Ana sayfa Dizi Haberleri Kiralık Aşk’ta Ömer ve Defne’nin halleri, hayra alamet değil

Kiralık Aşk’ta Ömer ve Defne’nin halleri, hayra alamet değil

tarafından ker_def

kiralik-ask2

Üzülerek söylüyorum ki aynı Ömer gibi ben de “asistan Defne”yi seviyormuşum ve o kızın gittiğini duymuş olmak beni bir hayli yıktı. Defne’nin güçlenmeye ihtiyacı olduğunun, artık bu kadar eziklenmemesi gerektiğinin baş savunucusularından olan ben; keşke hep o saftirik, eli ayağına dolaşık, bir hayli “asistan” haliyle kalsaymış diyorum şimdilerde. Üzerindeki o yavru ceylandan hallice ürkekliğini atmış olması hiç iyi gelmedi kendisine. Başkasının oyununda üstlenmek zorunda kaldığı rolünden ziyade, Defne’ye damardan verilmiş olan bu özgüveni birkaç beden büyük geldi sanki. Deniz Tranba karşısında takınmış olduğu tavrından tutun, Ömer’in el emeği göz nuru tasarımlarını gayet ahlaksız bulduğum bir biçimde önlerine getirmiş olan Sude’ye, sanki Sude zaten hep Ömer’in tasarımlarını çalıp baksınlar diye önlerine getiriyormuş gibi bir an olsun bu yapılana şaşırmamış olmasına kadar her hali ve hareketi “Defne aslında nasıl biri?” diye sorgulamaya itti. Sorguladım da ancak aynı Koray’ın “Ömer senin neyine vuruldu bu kadar?” sorusu karşısında Defne’nin tabir-i caiz ise dona kalması gibi “kal geldi” bana da, cevap bulamadım…

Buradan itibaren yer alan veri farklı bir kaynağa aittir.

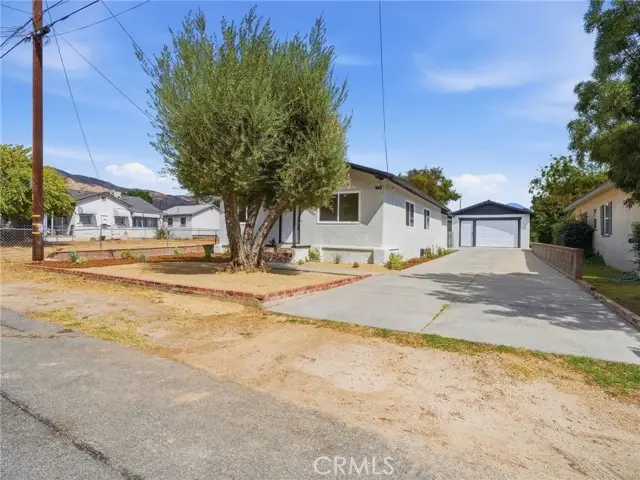 7121 Vine, Highland, CA 92346 - #2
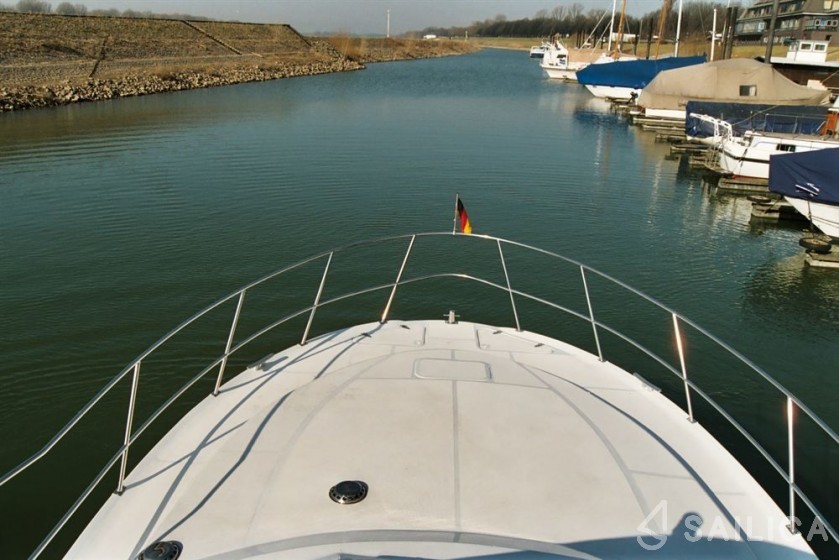 Tarpon 42 - Yacht Charter Sailica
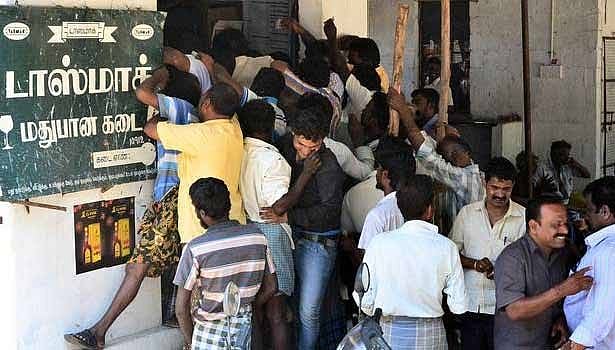 புத்தாண்டையொட்டி டாஸ்மாக் மூலம் கல்லா கட்டிய அ.தி.மு.க அரசு : படிப்படியாக மதுக்கடைகள் மூடல் இதுதானா?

Her şeye rağmen tamam, bunların hepsi bir nebze olsun affedilebilir şeyler. Ömer gibi “buraya kadar neyse” diyelim de, peki ya ona “güvenmeyen” sevdiği adama karşı takındığı tavırları? Bunu içinde “gurur” barındıran hangi literatür olağan kılar? “Aşkta gurur olmaz” mottosunun biraz cılkı çıkmadı mı sizce de? Çünkü Defne’nin bu gurursuzlukta level atlatılmış halleri bir hemcinsi olarak beni yerin dibine sokmakla kalmayıp sinirlerimi hop tepeme tepeme dikiyor. Eskisi gibi şapşallıklar yapıyor olması belki biraz zihnimizi bulandırmış olabilir lakin bizim ve bilhassa Defne’nin içini paramparça eden maziyi nasıl bir kalemde silip atabilirler böyle? Hiçbir şeyden etkilenmiyor olmakla suçladığı Ömer’den ne farkı kaldı şimdi? Nerede o yediği haram, geceleri zehir, aşkından kafayı yemiş olan Defne? İnsan bir yanını büyütürken ötekisi kör, topal mı kalıyor hep böyle? Kendimize olan inancımız ile sağduyumuzu başa baş büyütmekte neden bu kadar aciziz? Ah Defne ah, karman çorman ettin beni yine!